* **WORK ITEM**: Once the line holding "WESC Eve Jeans size 27 - Picture 2 of 3" is found in the entries below, transcribe exactly every line up to and including the one holding "Робот-пилосос з вологим", but leave out the pictures.

EXTRACTED ENTRIES below:

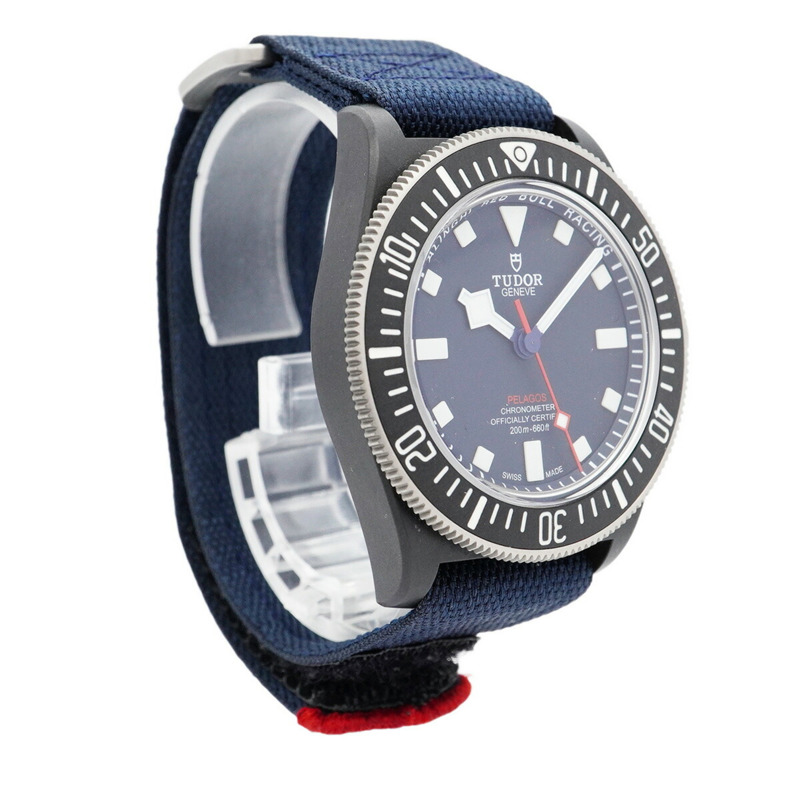 帝舵 Pelagos FXD 25707KN 海軍藍錶盤男士腕錶-3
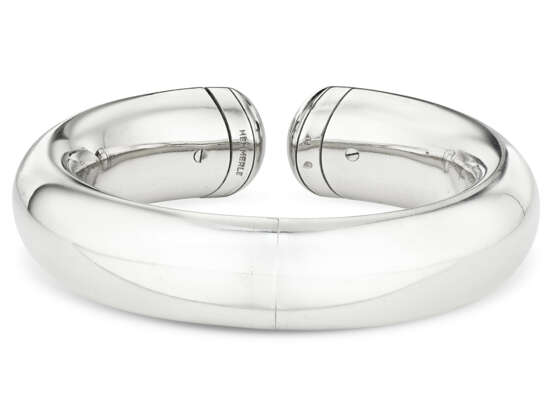 HEMMERLE PLATINUM ‘HARMONY’ BANGLE BRACELET - photo 3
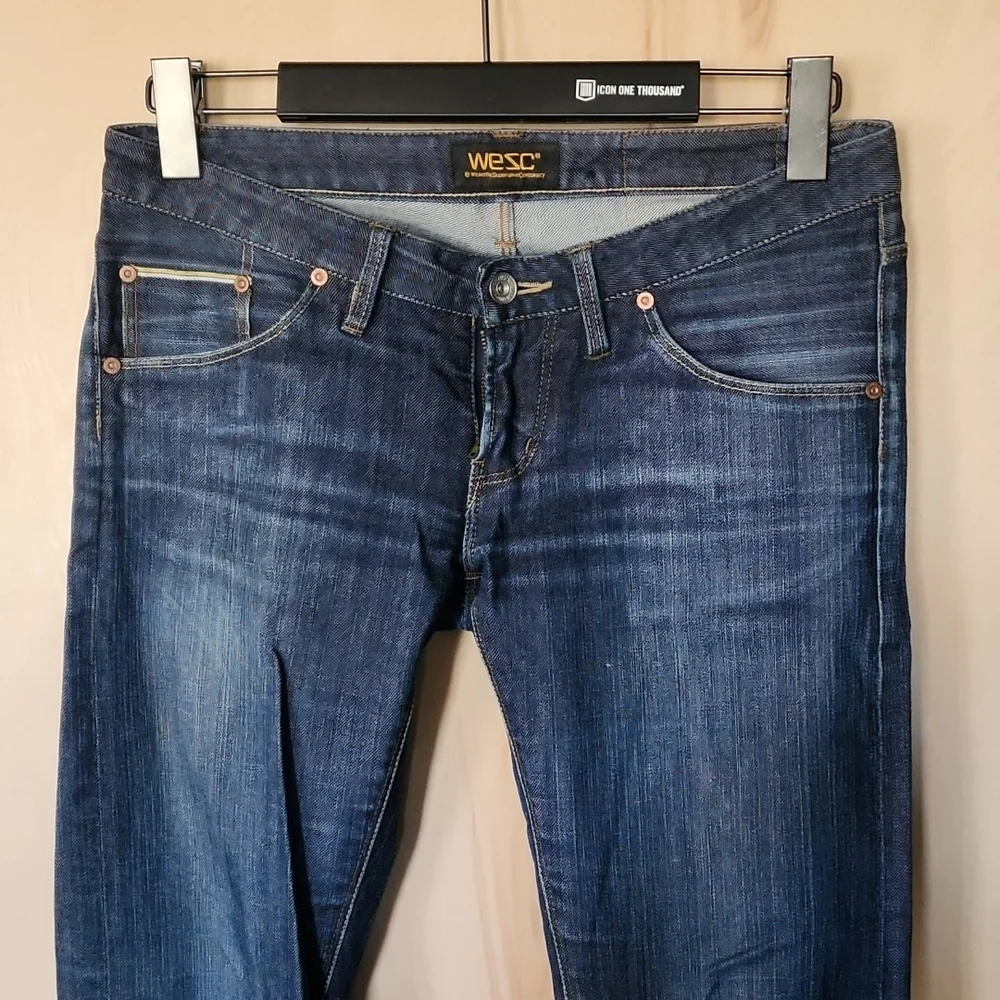 WESC Eve Jeans size 27 - Picture 2 of 3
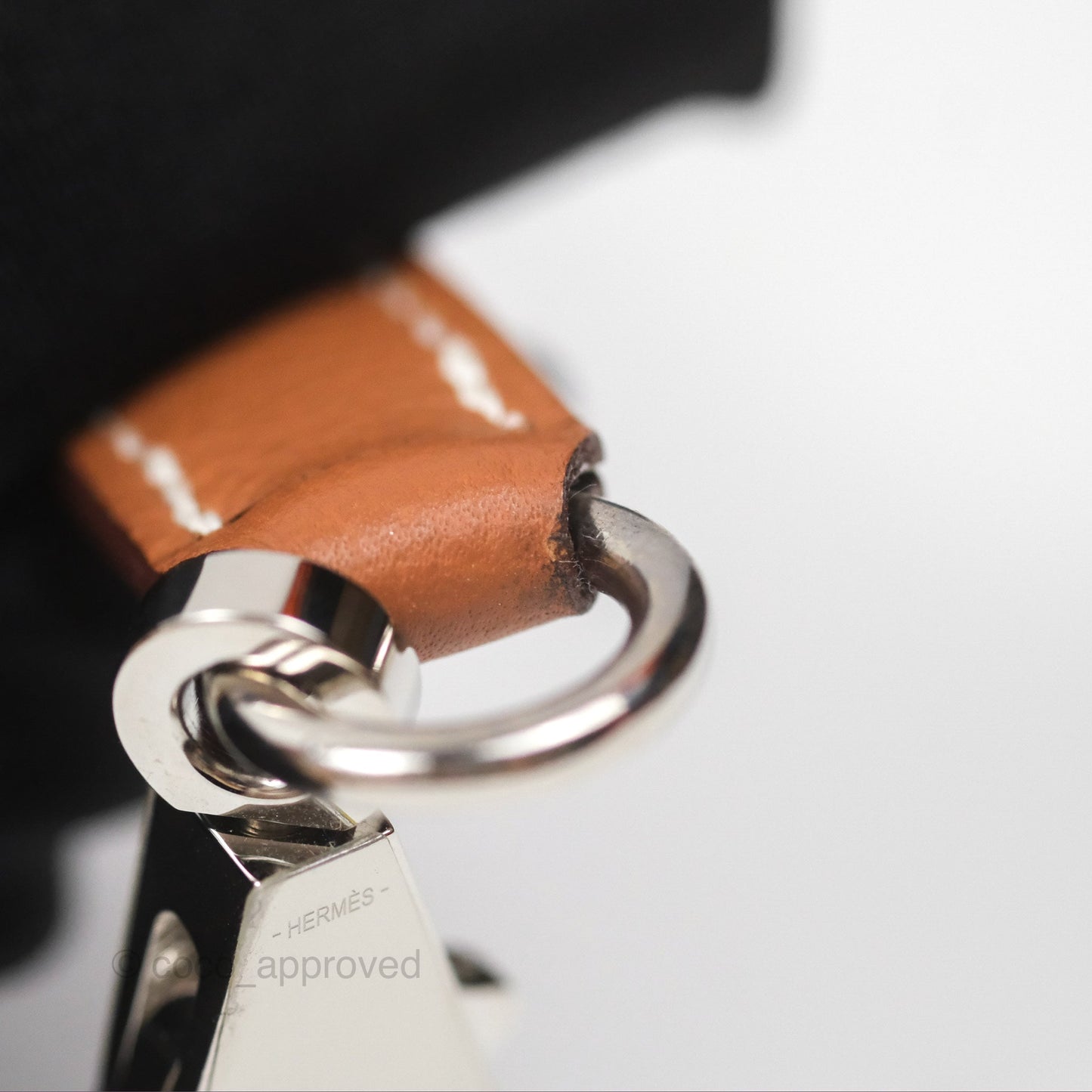 Hermès Bolide 1923 25 Gold 37 Evercolor Palladium Hardware
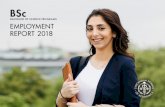BACHELOR OF SCIENCE PROGRAMS EMPLOYMENT REPORT 2018 · 2018-08-29 · 31 percent of bsc 2017 alumni are working in sse’s 19 corporate partner companies* first-time employers corporate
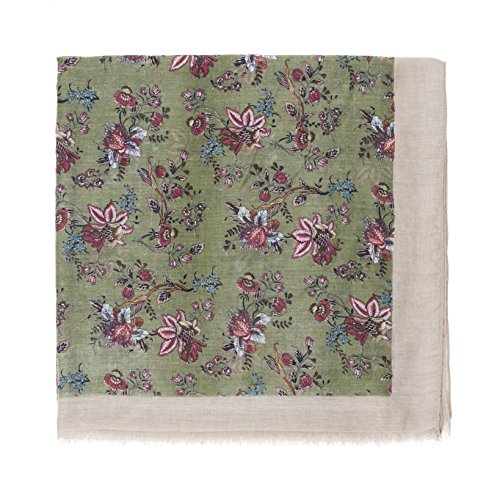 Melifluos Designed In Spain Scarf For Women Lightweight Paisley Fashion For Spring Fall Winter Scarves Shawl Wrap (Nf55-10) #TOP2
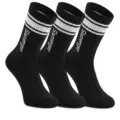 Slazenger JINN 3 lü Erkek Soket Siyah Çorap görsel 1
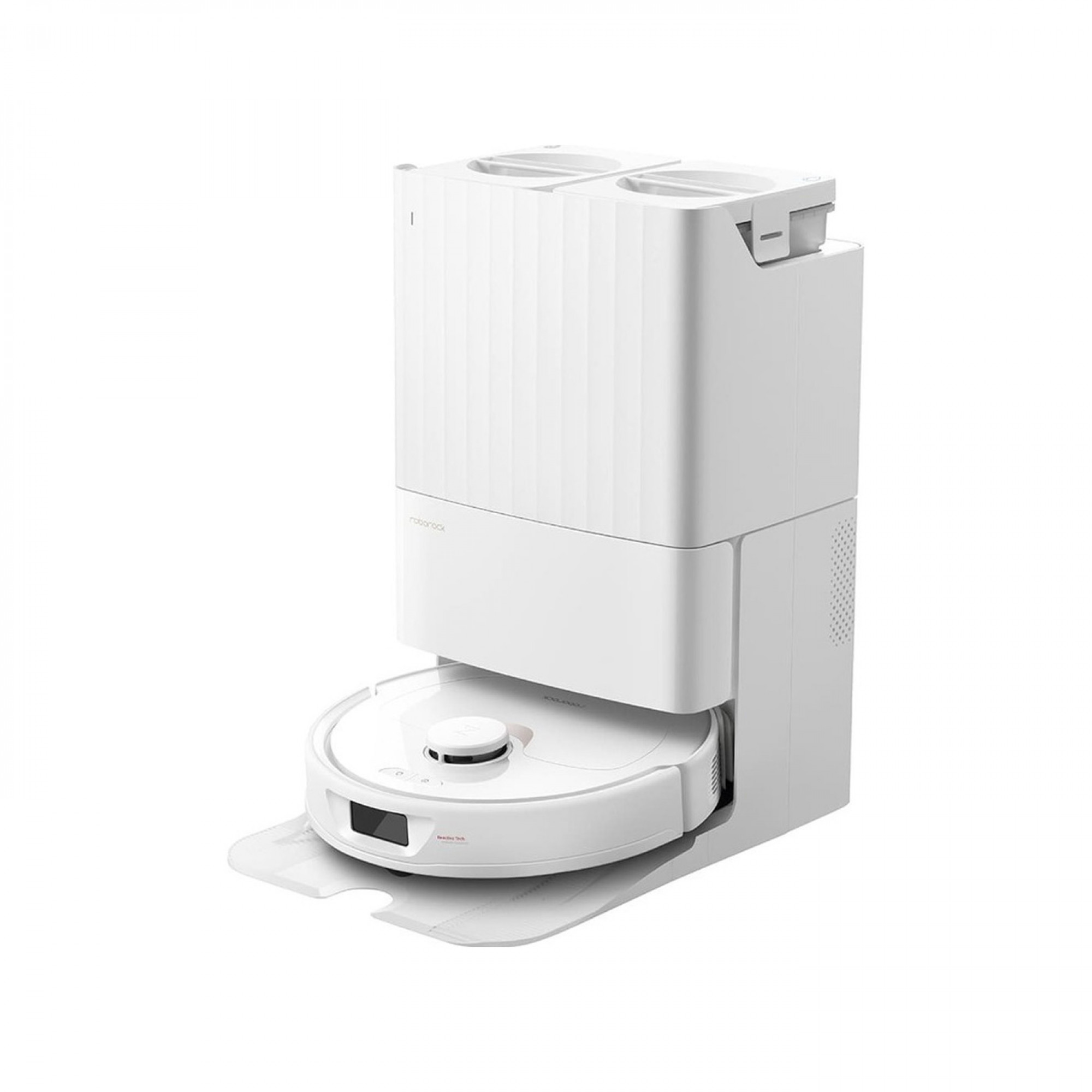 Робот-пилосос з вологим прибиранням RoboRock Q Revo White (QR02-00)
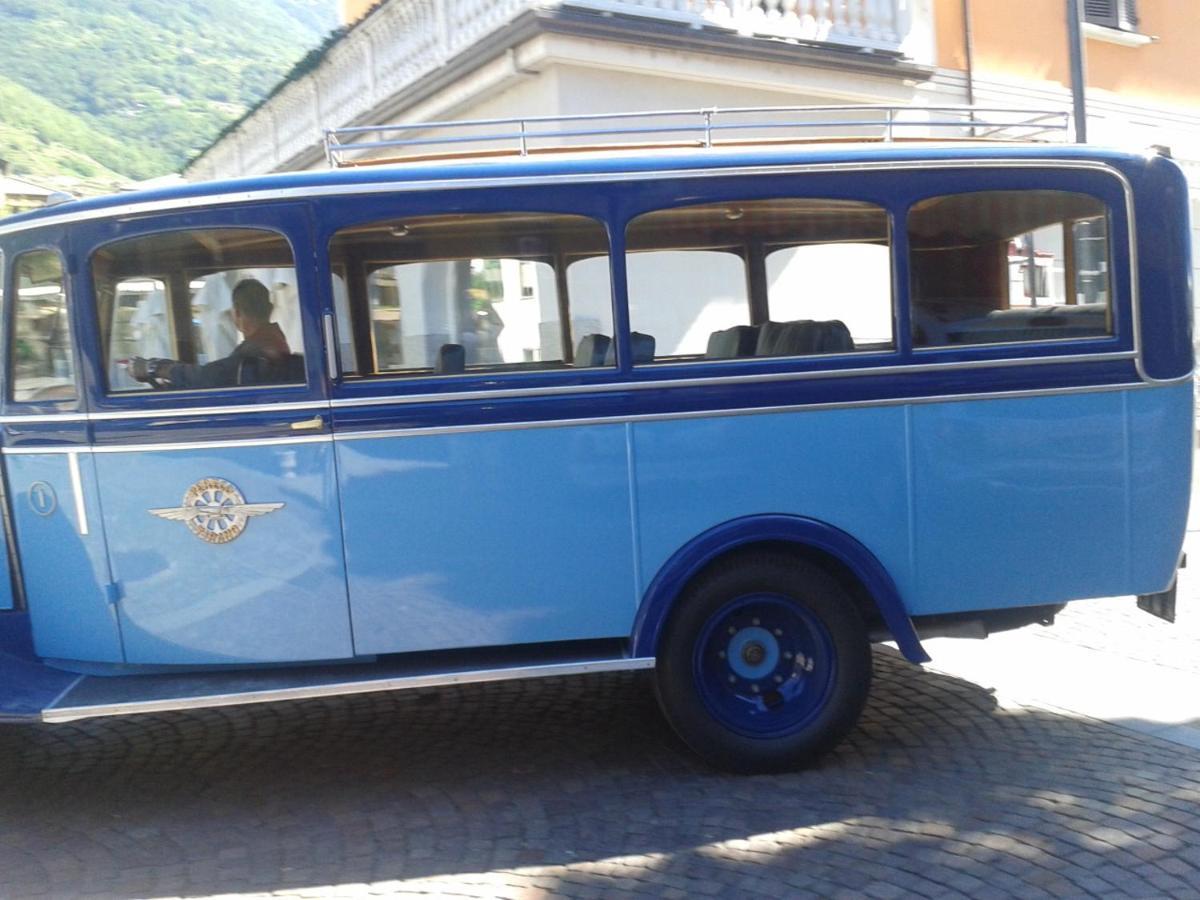 Hotel Bed & Rooms , Corte Rossa -1 Min Walk To Bernina Express Tirano Exterior photo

End of EXTRACTED ENTRIES.

* **EXERCISE SOLUTION**:
 WESC Eve Jeans size 27 - Picture 2 of 3
 Hermès Bolide 1923 25 Gold 37 Evercolor Palladium Hardware
BACHELOR OF SCIENCE PROGRAMS EMPLOYMENT REPORT 2018 · 2018-08-29 · 31 percent of bsc 2017 alumni are working in sse’s 19 corporate partner companies* first-time employers corporate
 Melifluos Designed In Spain Scarf For Women Lightweight Paisley Fashion For Spring Fall Winter Scarves Shawl Wrap (Nf55-10) #TOP2
 Slazenger JINN 3 lü Erkek Soket Siyah Çorap görsel 1
 Робот-пилосос з вологим прибиранням RoboRock Q Revo White (QR02-00)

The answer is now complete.